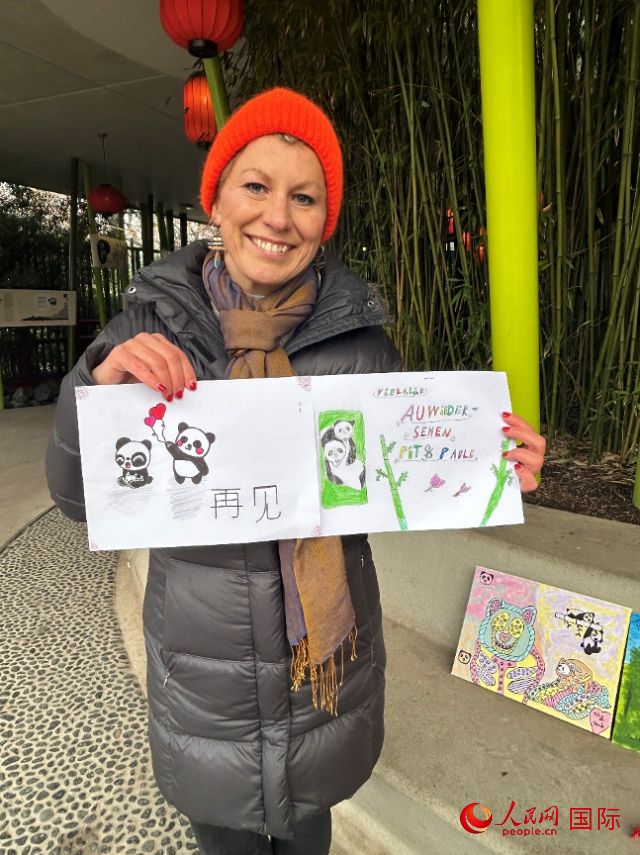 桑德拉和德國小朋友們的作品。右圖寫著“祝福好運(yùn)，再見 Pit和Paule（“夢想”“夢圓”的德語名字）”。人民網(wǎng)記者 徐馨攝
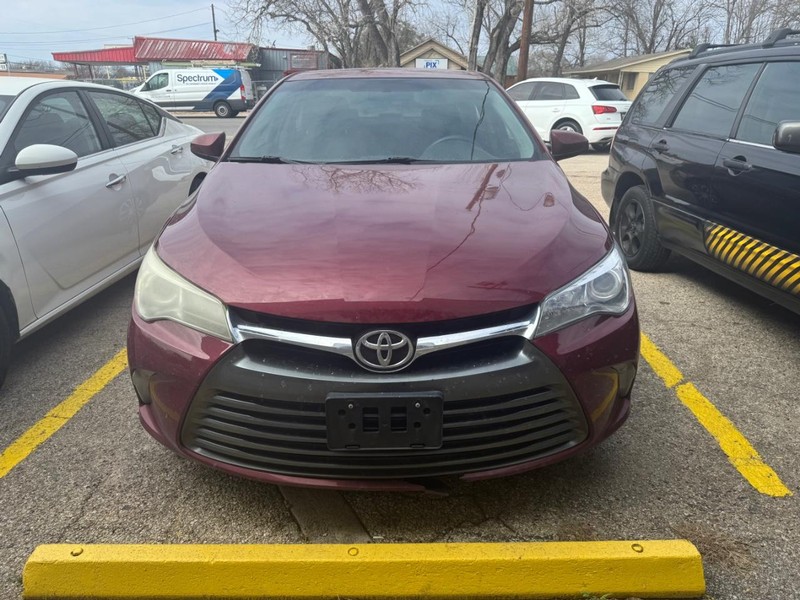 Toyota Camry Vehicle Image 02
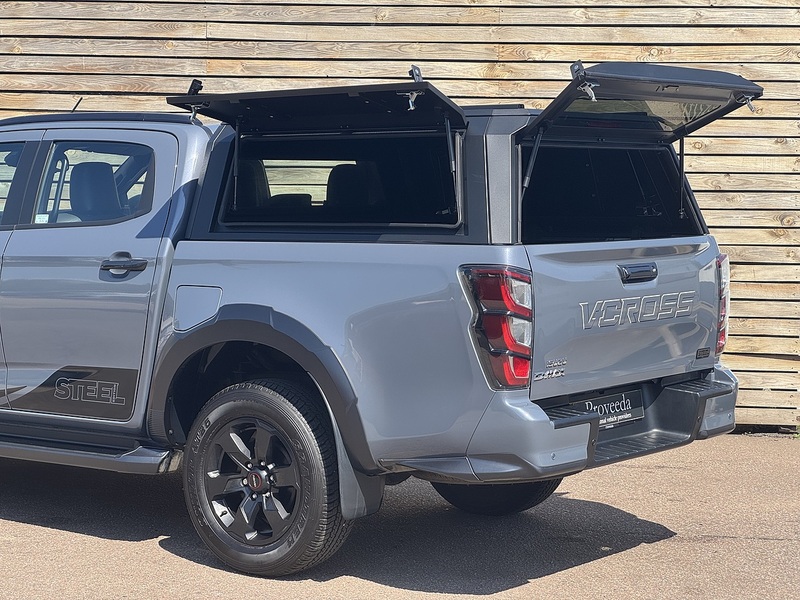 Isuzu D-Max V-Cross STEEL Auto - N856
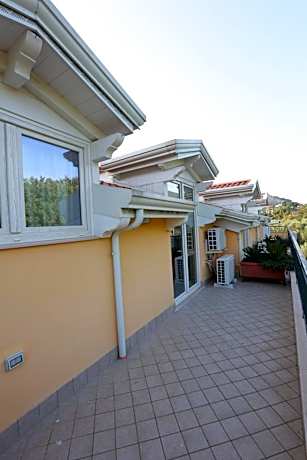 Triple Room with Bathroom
==
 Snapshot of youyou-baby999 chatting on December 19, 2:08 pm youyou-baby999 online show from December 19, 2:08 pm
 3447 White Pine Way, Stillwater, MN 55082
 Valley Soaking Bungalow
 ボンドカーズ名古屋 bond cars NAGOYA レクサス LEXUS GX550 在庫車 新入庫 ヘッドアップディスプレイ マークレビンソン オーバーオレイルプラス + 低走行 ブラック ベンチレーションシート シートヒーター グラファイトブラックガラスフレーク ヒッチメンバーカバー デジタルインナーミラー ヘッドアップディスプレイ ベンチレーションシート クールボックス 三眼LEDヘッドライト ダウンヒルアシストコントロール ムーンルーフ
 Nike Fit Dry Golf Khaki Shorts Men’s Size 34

- _What is needed_:
Pictures are to be left out. Write out only the lines above starting at the one with "Isuzu D-Max V-Cross STEEL Auto - N856" and ending at the one with "Triple Room with Bathroom", both lines included, exactly.

- _Answer to this task_:
 Isuzu D-Max V-Cross STEEL Auto - N856
 Triple Room with Bathroom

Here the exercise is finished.